_Problem_: Each line of the listing below must be retyped exactly, with images left out.

_Dataset extract_:
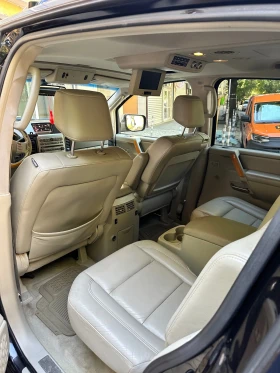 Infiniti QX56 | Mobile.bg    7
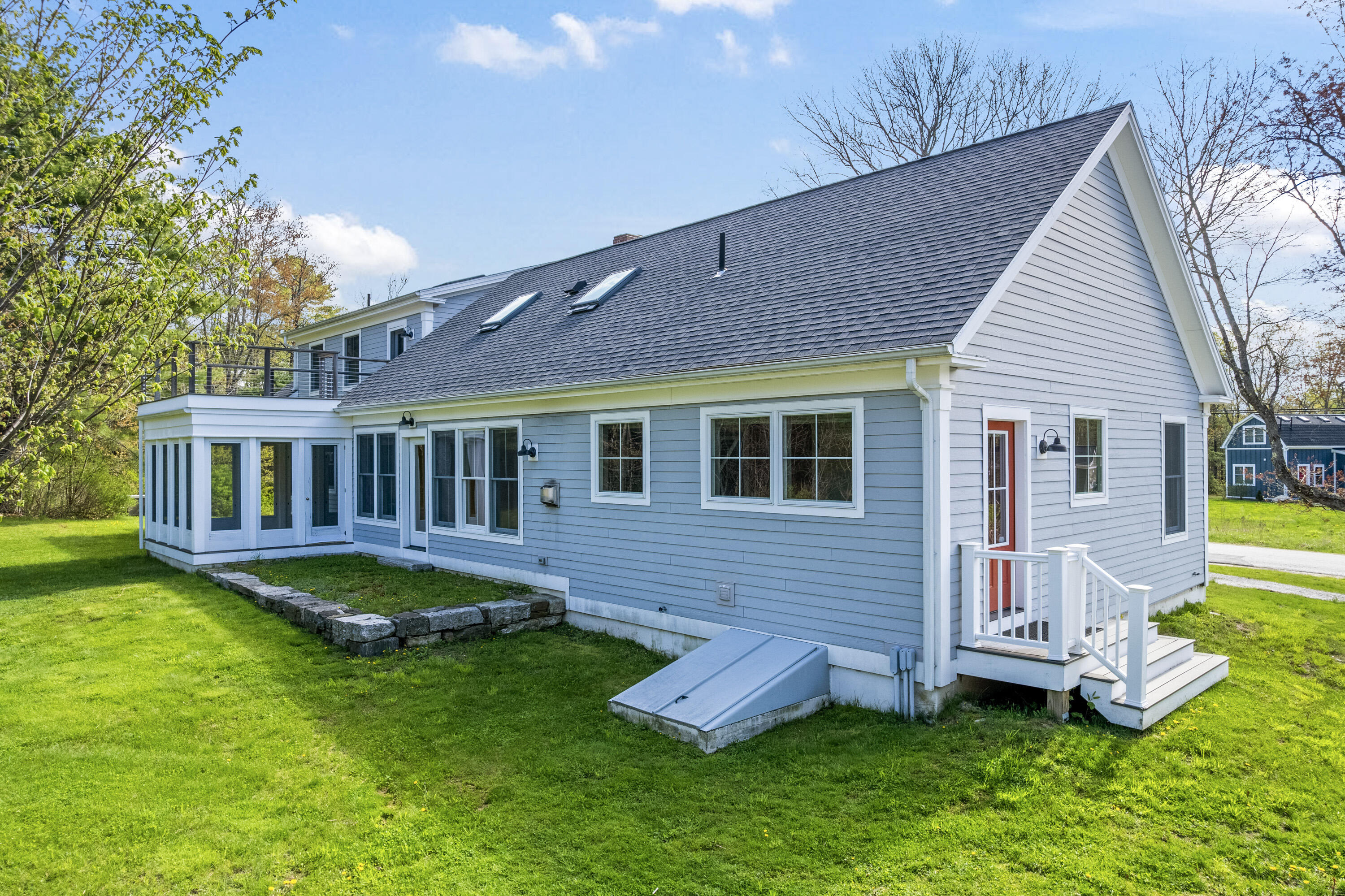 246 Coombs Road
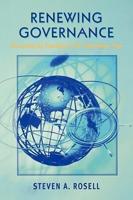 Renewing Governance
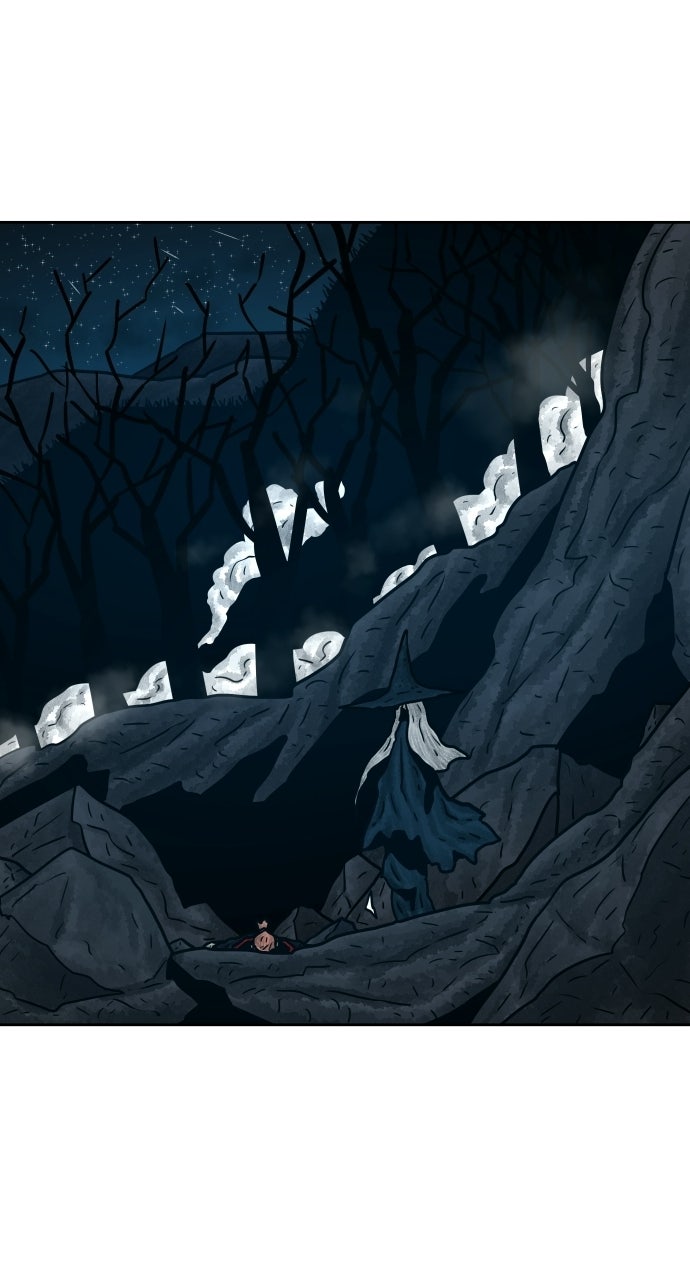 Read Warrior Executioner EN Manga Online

_Your solution_:
 Infiniti QX56 | Mobile.bg    7
 246 Coombs Road
 Renewing Governance
 Read Warrior Executioner EN Manga Online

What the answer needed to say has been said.